CC'ing java-dev...
Marcelo and I have been iterating / drilling down on this odd
exception when flushing a segment. Lucene is running embedded in
Oracle, using Oracle's JVM.
After adding numerous prints, it looks as if DocumentWriter's
quickSort suddenly stops working correctly. We pass in an array of
distinct Posting[] instances, and then somehow after quickSort is
done, the array is weirdly messed up: sometimes the same Posting
instance occurs twice, the order is not quite sorted (yet close).
Very weird.
Marcelo has a single doc which when indexed once, works, then when
indexed again, fails. A standalone test with just that doc always
works.
It very much seems like a JRE bug at this point.
Marcelo, in one similar issue on JRE 1.6.0_04 and 1.6.0_05, adding
-Xbatch or -Xint sometimes worked around the issue. I don't know if
you're able to try such parameters with Oracle but it may be worth a
shot if so?
Mike
Marcelo Ochoa wrote:
Michael:
I have noticed that the differences between 1) and 2) step is that
DocumentWriters class is JITed.
So If its true is very bad news :( because Oracle will not patch de
code so fast as Lucene dev team do.
I'll test with latest code and send the .trc file again.
Also I can test Lucene 2.3.1 with Oracle 10g which is based on
jdk1.4.2 and do not use JIT strategies, instead of JIT its possible to
translate Java to .so libraries out off the box.
Best regards, Marcelo.
On Fri, May 9, 2008 at 9:58 AM, Michael McCandless
<[EMAIL PROTECTED]> wrote:
That is VERY strange about hitting exception only on 2nd time. I'll
ponder...
In the meantime, can you run this one? Just more prints...
Mike
On May 9, 2008, at 8:10 AM, Marcelo Ochoa wrote:
Michael:
I have applied the patch manually and it was similar :)

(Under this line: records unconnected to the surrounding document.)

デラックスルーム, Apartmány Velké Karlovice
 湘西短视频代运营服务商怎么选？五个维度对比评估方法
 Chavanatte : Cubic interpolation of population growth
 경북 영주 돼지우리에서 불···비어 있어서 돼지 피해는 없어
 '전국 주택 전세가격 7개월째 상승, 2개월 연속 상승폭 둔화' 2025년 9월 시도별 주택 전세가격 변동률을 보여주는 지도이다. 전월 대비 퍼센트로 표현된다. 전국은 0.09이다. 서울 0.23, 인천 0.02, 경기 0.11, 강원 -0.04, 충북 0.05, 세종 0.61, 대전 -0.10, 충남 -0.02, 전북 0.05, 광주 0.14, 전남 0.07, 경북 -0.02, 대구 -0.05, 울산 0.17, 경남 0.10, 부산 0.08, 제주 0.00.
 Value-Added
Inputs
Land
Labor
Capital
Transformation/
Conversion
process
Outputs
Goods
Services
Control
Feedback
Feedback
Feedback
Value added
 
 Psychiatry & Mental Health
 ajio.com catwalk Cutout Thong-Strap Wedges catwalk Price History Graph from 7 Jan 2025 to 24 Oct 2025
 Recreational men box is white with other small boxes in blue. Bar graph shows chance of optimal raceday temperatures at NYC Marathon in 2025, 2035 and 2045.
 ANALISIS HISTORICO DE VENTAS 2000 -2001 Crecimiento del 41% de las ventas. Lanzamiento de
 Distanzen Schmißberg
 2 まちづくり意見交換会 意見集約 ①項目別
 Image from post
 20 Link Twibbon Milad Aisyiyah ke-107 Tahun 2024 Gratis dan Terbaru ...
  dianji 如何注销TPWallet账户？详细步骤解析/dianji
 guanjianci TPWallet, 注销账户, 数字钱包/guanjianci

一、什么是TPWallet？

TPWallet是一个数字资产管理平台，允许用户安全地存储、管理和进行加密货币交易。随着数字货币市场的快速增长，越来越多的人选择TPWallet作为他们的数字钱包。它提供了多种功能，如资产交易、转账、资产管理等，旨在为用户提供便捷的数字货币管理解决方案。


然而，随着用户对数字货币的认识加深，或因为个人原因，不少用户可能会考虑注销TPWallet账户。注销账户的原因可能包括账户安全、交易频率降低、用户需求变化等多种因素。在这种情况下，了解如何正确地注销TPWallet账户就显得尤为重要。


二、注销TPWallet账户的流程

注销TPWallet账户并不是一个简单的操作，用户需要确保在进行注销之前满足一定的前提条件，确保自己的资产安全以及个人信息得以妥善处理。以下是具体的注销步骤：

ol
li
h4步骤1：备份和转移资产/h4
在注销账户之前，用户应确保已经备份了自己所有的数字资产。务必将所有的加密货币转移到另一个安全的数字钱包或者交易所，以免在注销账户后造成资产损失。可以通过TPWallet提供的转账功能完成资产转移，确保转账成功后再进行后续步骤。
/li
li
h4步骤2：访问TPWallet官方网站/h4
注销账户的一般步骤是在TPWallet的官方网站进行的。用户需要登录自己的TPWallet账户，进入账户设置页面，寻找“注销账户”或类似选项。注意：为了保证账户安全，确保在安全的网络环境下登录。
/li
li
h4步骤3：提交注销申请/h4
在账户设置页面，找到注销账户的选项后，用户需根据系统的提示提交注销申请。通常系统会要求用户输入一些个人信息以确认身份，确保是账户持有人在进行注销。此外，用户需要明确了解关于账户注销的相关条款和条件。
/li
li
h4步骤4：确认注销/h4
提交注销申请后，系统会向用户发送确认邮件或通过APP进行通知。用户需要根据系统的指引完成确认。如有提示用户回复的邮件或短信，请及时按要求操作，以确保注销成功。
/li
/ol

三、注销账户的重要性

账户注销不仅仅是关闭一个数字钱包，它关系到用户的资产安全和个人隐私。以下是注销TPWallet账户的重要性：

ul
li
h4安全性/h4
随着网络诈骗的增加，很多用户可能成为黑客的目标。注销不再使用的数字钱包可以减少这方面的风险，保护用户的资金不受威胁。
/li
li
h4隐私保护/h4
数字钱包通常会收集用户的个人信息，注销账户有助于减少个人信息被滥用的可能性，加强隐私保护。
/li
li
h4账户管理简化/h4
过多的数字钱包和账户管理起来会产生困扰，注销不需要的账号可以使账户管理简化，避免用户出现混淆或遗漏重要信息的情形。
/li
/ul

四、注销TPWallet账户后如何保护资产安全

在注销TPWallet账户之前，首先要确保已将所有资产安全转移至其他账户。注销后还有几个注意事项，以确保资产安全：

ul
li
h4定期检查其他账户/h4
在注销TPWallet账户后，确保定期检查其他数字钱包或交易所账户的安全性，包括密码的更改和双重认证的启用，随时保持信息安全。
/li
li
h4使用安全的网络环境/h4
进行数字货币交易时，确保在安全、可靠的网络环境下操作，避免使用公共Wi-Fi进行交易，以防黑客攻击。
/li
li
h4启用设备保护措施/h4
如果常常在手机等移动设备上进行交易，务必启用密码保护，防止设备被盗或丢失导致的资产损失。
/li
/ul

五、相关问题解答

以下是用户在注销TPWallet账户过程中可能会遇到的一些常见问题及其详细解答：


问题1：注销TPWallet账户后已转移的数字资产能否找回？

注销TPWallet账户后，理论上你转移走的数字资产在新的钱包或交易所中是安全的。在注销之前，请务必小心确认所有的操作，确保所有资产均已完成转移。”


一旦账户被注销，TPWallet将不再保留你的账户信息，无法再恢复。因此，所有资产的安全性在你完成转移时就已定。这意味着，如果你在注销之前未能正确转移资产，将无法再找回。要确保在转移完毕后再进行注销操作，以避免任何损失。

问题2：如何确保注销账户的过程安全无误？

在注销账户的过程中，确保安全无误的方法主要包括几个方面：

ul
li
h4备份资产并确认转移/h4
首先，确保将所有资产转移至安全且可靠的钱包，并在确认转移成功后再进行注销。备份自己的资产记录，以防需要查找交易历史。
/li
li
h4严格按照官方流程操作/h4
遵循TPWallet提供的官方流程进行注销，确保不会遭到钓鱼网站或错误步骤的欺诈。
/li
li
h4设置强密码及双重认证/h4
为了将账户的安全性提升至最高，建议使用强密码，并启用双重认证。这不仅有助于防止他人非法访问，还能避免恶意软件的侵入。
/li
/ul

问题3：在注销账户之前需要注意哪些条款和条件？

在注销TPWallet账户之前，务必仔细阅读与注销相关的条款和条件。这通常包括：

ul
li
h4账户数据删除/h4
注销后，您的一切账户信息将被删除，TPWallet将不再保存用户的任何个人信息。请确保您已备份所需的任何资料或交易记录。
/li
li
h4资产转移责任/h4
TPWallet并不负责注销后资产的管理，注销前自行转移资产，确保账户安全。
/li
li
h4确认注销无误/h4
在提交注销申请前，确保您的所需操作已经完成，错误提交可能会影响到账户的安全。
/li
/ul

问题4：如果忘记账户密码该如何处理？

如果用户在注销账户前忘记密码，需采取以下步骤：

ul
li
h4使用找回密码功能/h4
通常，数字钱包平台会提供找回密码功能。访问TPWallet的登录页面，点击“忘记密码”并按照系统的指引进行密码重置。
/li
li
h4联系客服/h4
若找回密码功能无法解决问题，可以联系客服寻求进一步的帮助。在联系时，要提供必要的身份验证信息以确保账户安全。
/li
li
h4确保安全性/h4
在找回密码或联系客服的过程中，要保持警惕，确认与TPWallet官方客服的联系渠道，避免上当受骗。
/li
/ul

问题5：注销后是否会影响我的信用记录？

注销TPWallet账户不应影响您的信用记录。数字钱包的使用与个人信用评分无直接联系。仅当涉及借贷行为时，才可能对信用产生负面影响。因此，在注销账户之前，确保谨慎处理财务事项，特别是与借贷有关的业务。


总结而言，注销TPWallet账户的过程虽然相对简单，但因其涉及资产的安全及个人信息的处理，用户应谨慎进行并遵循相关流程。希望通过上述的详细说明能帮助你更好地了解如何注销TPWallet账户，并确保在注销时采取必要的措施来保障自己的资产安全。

But anyway, here the .trc file made with your working copy.
Note this:
1) If I uploaded a new version of DocumentsWriter.class to the DB,
index creation works OK.
2) If I drop the index and create it again, it fail.
Is DocumentWriters class using an static variable which is not
cleared from the step 1 to 2?
Oracle JVM uses an special garbage collector which collect
diferents
objects from one execution to other.
Best regards, Marcelo.
On Fri, May 9, 2008 at 8:37 AM, Marcelo Ochoa
<[EMAIL PROTECTED]>
wrote:
Michael:
Could you send to me your working copy of DocumentsWriter class?
Something is different in my Lucene 2.3.1 download file and the
patch did not work automatically :(
Marcelo.
On Fri, May 9, 2008 at 6:29 AM, Michael McCandless
<[EMAIL PROTECTED]> wrote:
That is great, that you narrowed it down to a single doc!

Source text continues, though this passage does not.